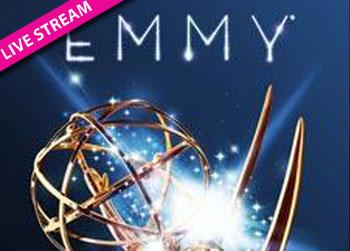 //emmy live stream abc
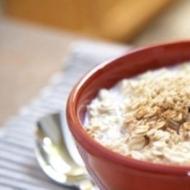 Oatmeal diet for weight loss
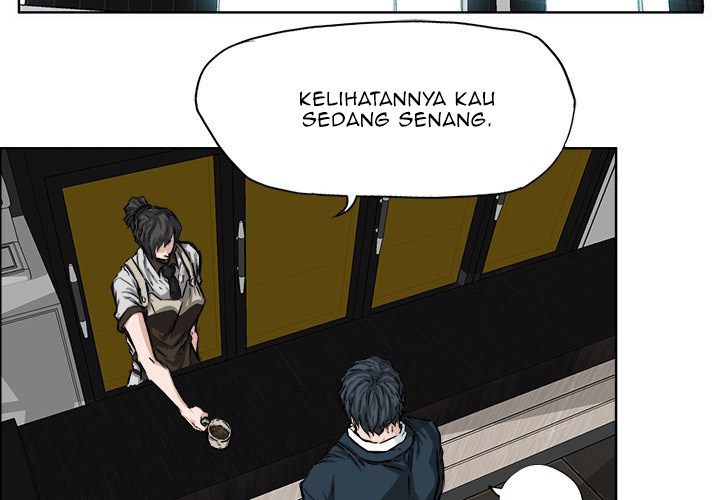 Boss in School Chapter 26 Gambar 3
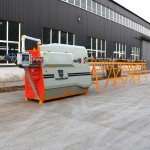 CNC Rebar Bender Factory - Factory Steel Wire Bending Cutter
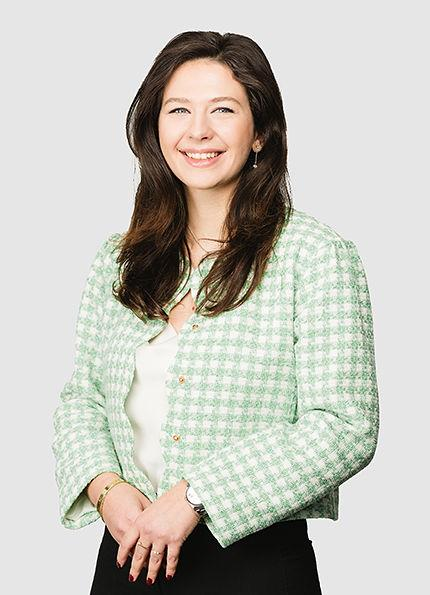 Mag Julia Moser, RAA, M&A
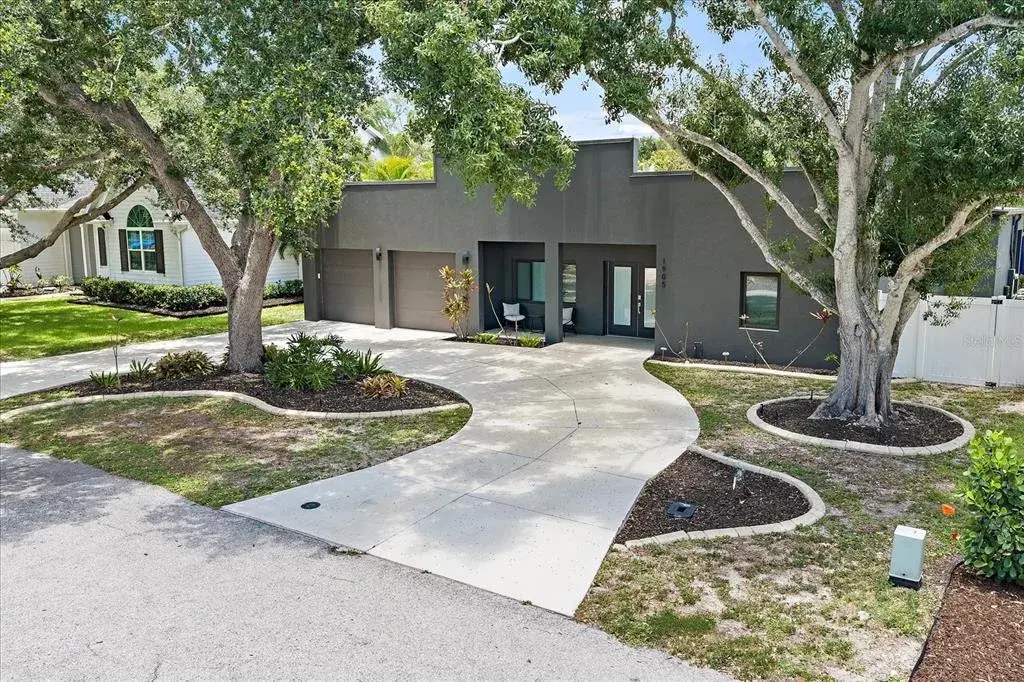 Property for sale at 1905 TULIP DRIVE, SARASOTA, FL, 34239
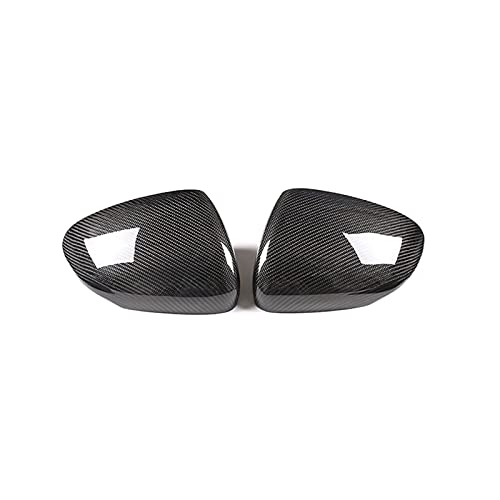 Coques de rétroviseur rayées ? Remplacez par le carbone sur Mercedes W177 A180 A200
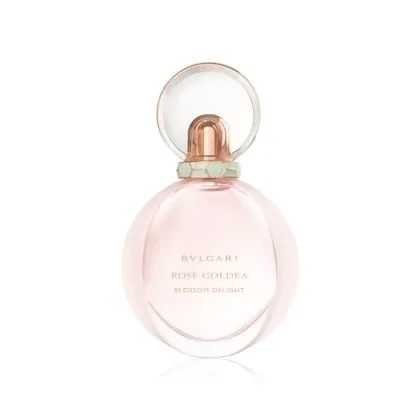 Zdjęcie BVLGARI Rose Goldea Blossom Delight Woda toaletowa 75 ml
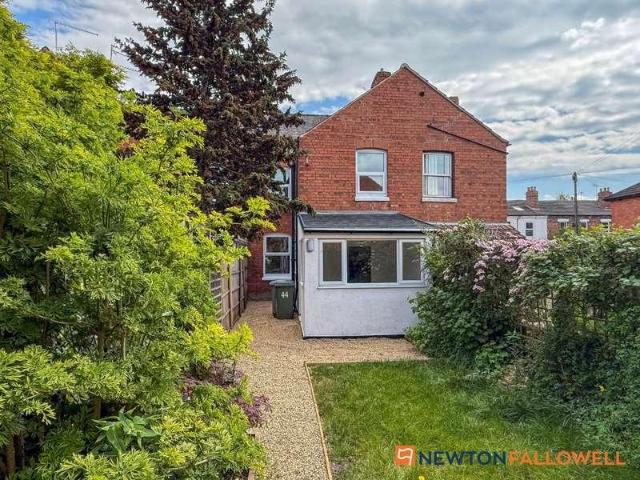 House for sale in New Town, Alverton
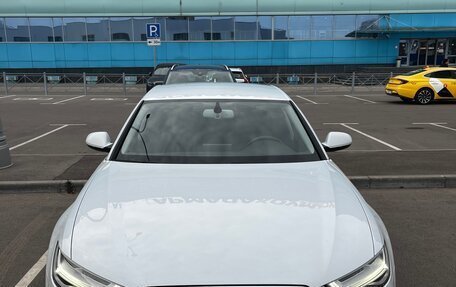 Audi A6, 2017 год, 2 950 000 рублей, 3 фотография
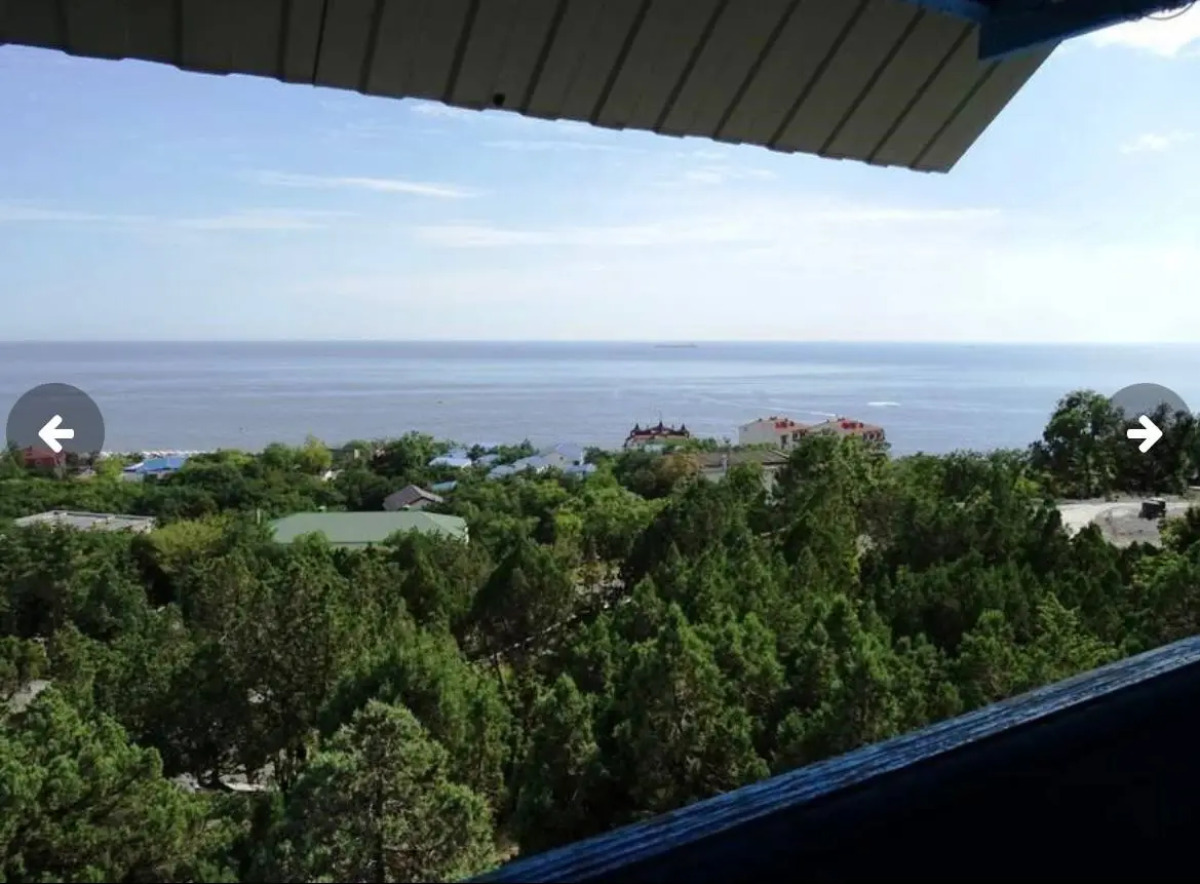 Гостевой Дом у Ипполита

——————————

Your objective
Every entry above should be printed again exactly, except for the pictures.

Answer to this task
 //emmy live stream abc
 Oatmeal diet for weight loss
 Boss in School Chapter 26 Gambar 3
 CNC Rebar Bender Factory - Factory Steel Wire Bending Cutter
 Mag Julia Moser, RAA, M&A
 Property for sale at 1905 TULIP DRIVE, SARASOTA, FL, 34239
 Coques de rétroviseur rayées ? Remplacez par le carbone sur Mercedes W177 A180 A200
 Zdjęcie BVLGARI Rose Goldea Blossom Delight Woda toaletowa 75 ml
 House for sale in New Town, Alverton
 Audi A6, 2017 год, 2 950 000 рублей, 3 фотография
 Гостевой Дом у Ипполита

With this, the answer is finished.